The Problem: Blocking I/O
In synchronous code, each operation waits for the previous one to complete. When the operation involves waiting — for a network response, for a file to load, for a database query to return — the program simply sits idle:
import time
import requests
def fetch(url):
response = requests.get(url) # Blocks here until the response arrives
return response.status_code
start = time.time()
fetch("https://httpbin.org/delay/1") # Wait 1 second
fetch("https://httpbin.org/delay/1") # Wait another second
fetch("https://httpbin.org/delay/1") # And another
print(f"Total: {time.time() - start:.1f}s") # ~3 seconds
Three requests that each take 1 second run sequentially — total time 3 seconds. If they could run concurrently, the total would be closer to 1 second.
Concurrency vs. Parallelism
Before going further, an important distinction:
| Concurrency | Parallelism | |
|---|---|---|
| Definition | Multiple tasks make progress by taking turns | Multiple tasks execute at exactly the same time |
| How | Single thread, cooperative multitasking | Multiple CPU cores/threads |
| Best for | I/O-bound work (waiting on network, files) | CPU-bound work (calculations, data processing) |
| Python tools | asyncio, async/await | multiprocessing, concurrent.futures |
asyncio is a concurrency tool — it does not use multiple threads or CPU cores. It runs on a single thread, switching between tasks when one is waiting for I/O. For CPU-bound parallelism (heavy computation), use multiprocessing.
Core Concepts
Coroutines
A coroutine is a function defined with async def. It can be paused and resumed, allowing other coroutines to run while it waits:
import asyncio
async def greet(name):
await asyncio.sleep(1) # Pause here — let other coroutines run
print(f"Hello, {name}!")
# A coroutine must be awaited or run by the event loop
asyncio.run(greet("Wariz")) # Hello, Wariz! (after 1 second)
Calling greet("Wariz") does not execute the function — it returns a coroutine object. The function only runs when it is awaited or passed to the event loop.
The Event Loop
The event loop is the engine of asyncio. It manages and schedules coroutines, keeping track of which ones are waiting for I/O and which are ready to run. When a coroutine hits an await, it hands control back to the event loop, which can run another coroutine while waiting.
asyncio.run() creates an event loop, runs a coroutine to completion, and closes the loop:
asyncio.run(main()) # Entry point for async programs
await
await pauses the current coroutine until the awaited coroutine (or other awaitable) completes, and returns its result.
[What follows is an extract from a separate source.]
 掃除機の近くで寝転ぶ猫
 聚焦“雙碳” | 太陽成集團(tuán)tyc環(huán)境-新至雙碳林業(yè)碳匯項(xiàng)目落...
It can only be used inside an async def function:
async def fetch_data():
data = await get_from_database() # Pause until DB responds
return data
Running Coroutines Concurrently — asyncio.gather()
The real benefit of asyncio appears when running multiple coroutines concurrently. asyncio.gather() runs multiple coroutines and waits for all of them to complete:
import asyncio
async def fetch(url, delay):
await asyncio.sleep(delay) # Simulates a network request
return f"Response from {url}"
async def main():
results = await asyncio.gather(
fetch("https://api-one.com", 1),
fetch("https://api-two.com", 1),
fetch("https://api-three.com", 1),
)
for result in results:
print(result)
import time
start = time.time()
asyncio.run(main())
print(f"Total: {time.time() - start:.1f}s") # ~1 second, not ~3
All three coroutines run concurrently — each waits for 1 second, but they wait at the same time. Total elapsed time is approximately 1 second.
asyncio.create_task()
asyncio.gather() runs coroutines and waits for all results. asyncio.create_task() schedules a coroutine to run soon and returns a Task object immediately — without waiting for it. This is useful when you want to fire off work and check on it later:
async def main():
task1 = asyncio.create_task(fetch("https://api-one.com", 1))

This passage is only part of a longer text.